The company expects the deal to increase earnings per share by 6% and earnings before interest, taxes, depreciation and amortization by approximately 13% in the first full year following closing.

Al-Lamki said the deal could result in a higher payout for shareholders. Adnoc Distribution's dividend policy guarantees 75% of net income at a minimum of $700 million or more per year until 2030.

Adnoc Distribution enters the South African fuel retail market which has increasingly consolidated around commodity-trader-backed owners.

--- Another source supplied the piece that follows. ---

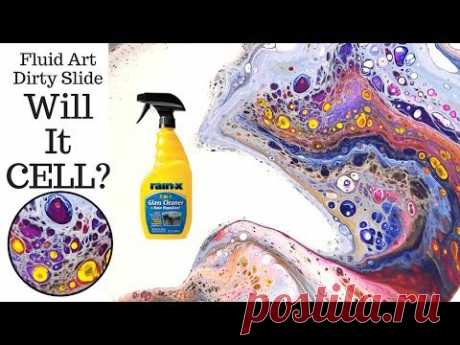 Can FLUID ART get CELLS with Rain-X? More MESMERIZING Acrylic Pouring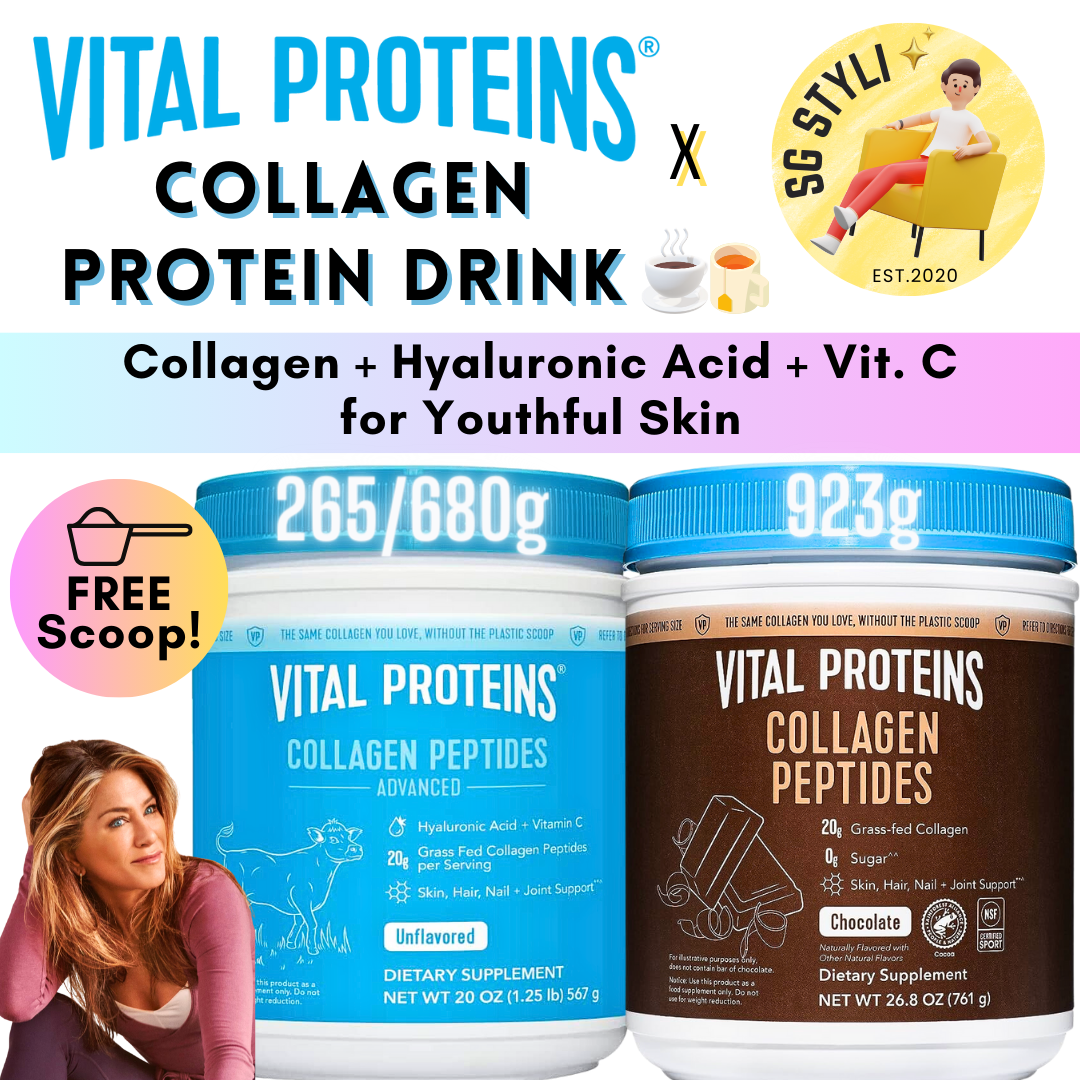 Vital Proteins Collagen Peptides HAVC 265g/567g/680g Unflavored Value Size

Vitol's Vivo Energy became the market leader after buying most of Engen from Malaysia's Petronas in 2024, while Glencore runs the country's second-largest network since its acquisition of Chevron's Caltex stations in 2018.

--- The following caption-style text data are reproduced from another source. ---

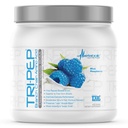 Nutrizione metabolica - TRIPEP - Tri-Peptide Branch Aminoacido catena, BCAA Polvere, Pre Intra Post Supplemento di allenamento, Blue Raspberry, 400 Grammi (40 Serve)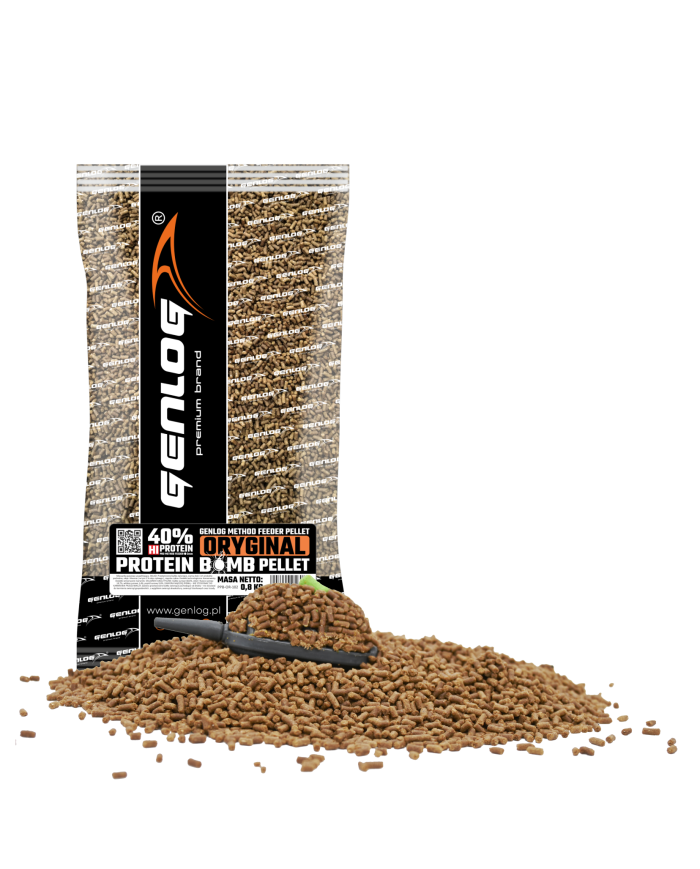 Pellet GENLOG Protein Bomb Oryginal 2mm 800g Pellet GENLOG Protein Bomb Oryginal 2mm 800g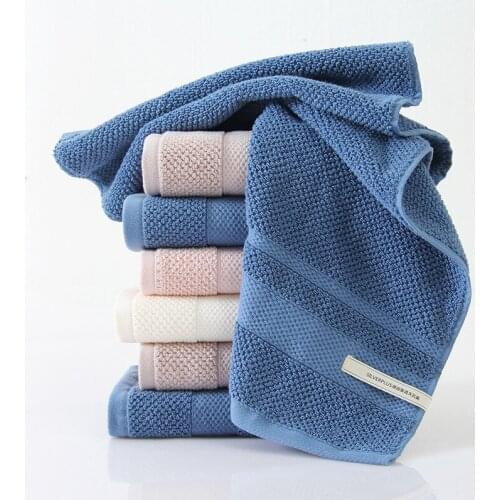 5pics Cotton Towel For Home Bathroom AAA Antibacterial Microfiber Hair Terry Towels Set Solid Absorbent Towel Face Hand Towel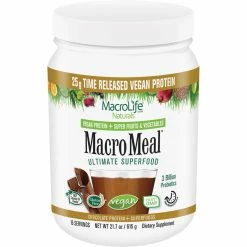 Wholesale 🧨 Macrolife Naturals MacroMeal Vegan Protein Chocolate 1.3 Lb., 15 Servings 👍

In line with South Africa's broad-based Black Economic Empowerment law, ⁠the 28% stake in SDSA ⁠will be sold to a local partner and an employee stock-option plan following the closing, leaving Adnoc Distribution with a 72% majority. SDSA had a fuel volume of approximately 3.5 billion liters and operated 360 convenience stores by 2025.

Adnoc Distribution said South Africa's regulated fuel pricing structure provides gross margins per liter equivalent to those in the UAE, which protects returns from inflation and currency volatility.

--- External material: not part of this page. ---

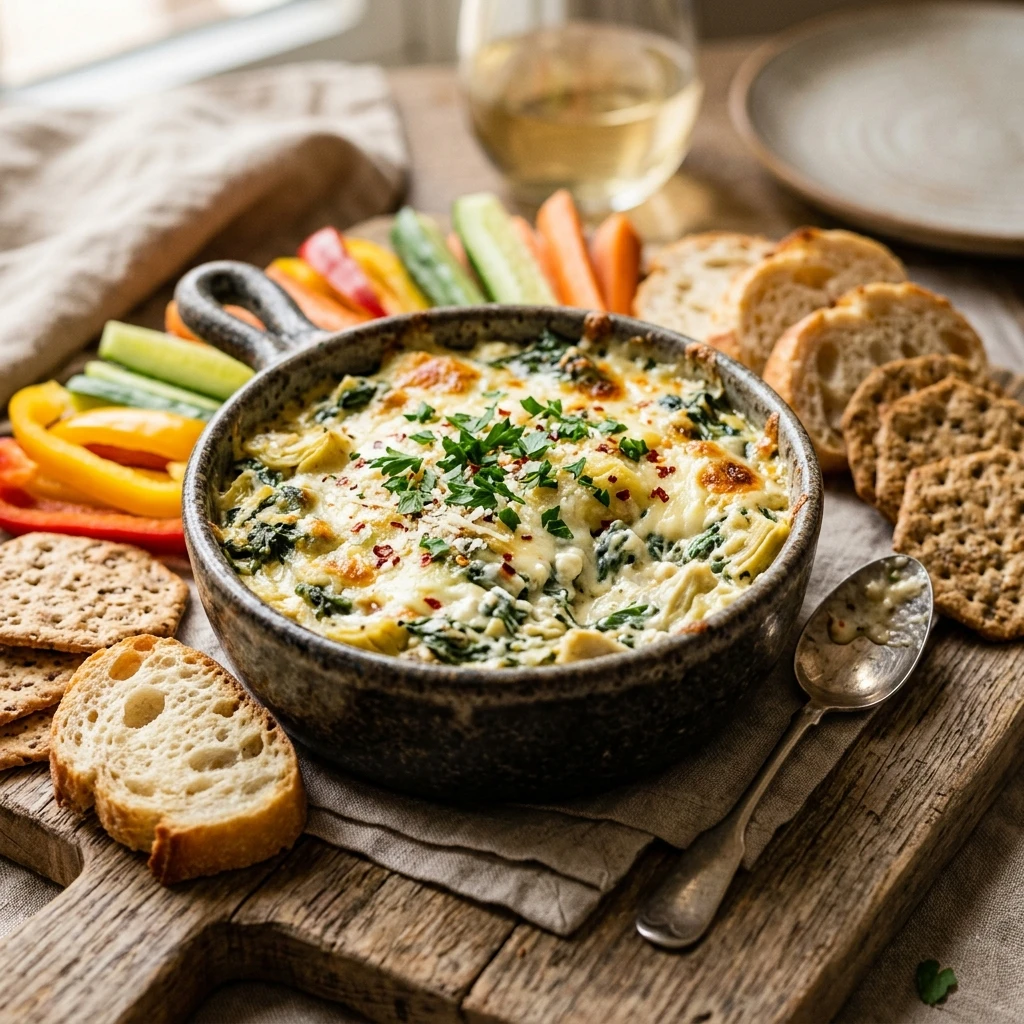 Cottage Cheese Spinach Artichoke Dip High Protein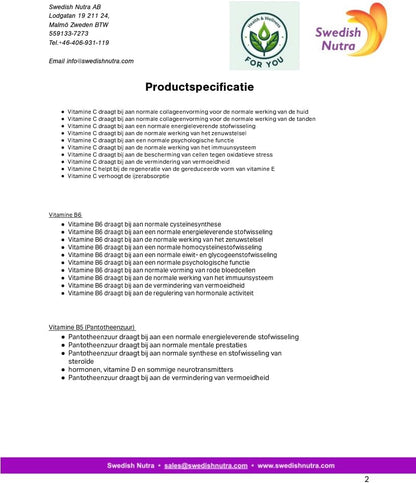 Swedish Nutra Collagen Pure Peptide 500ML – Vloeibare Collageenpeptiden voor Huid, Haar & Gewrichten – Hoge Opname – Zuiver Collageen Supplement – Vrij van Gluten, Suiker & Kunstmatige Stoffen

Before the US–Israeli war with Iran, about 60% of the country's refined product demand was met by imports, mainly from the Gulf. When Al-Lamki was asked if his company would invest in refining, he said, “We are, first and foremost, a convenience and retail company.” He said it would focus on retail networks, convenience stores, aviation, B2B and lubricants.

Adnoc Distribution will retain the Shell brand for retail service stations and lubricants business under a long-term licensing agreement.

“Shell has been in South Africa for more than 120 years. Customers are used to it,” Al-Lamki said. “We believe there is value in maintaining this brand.”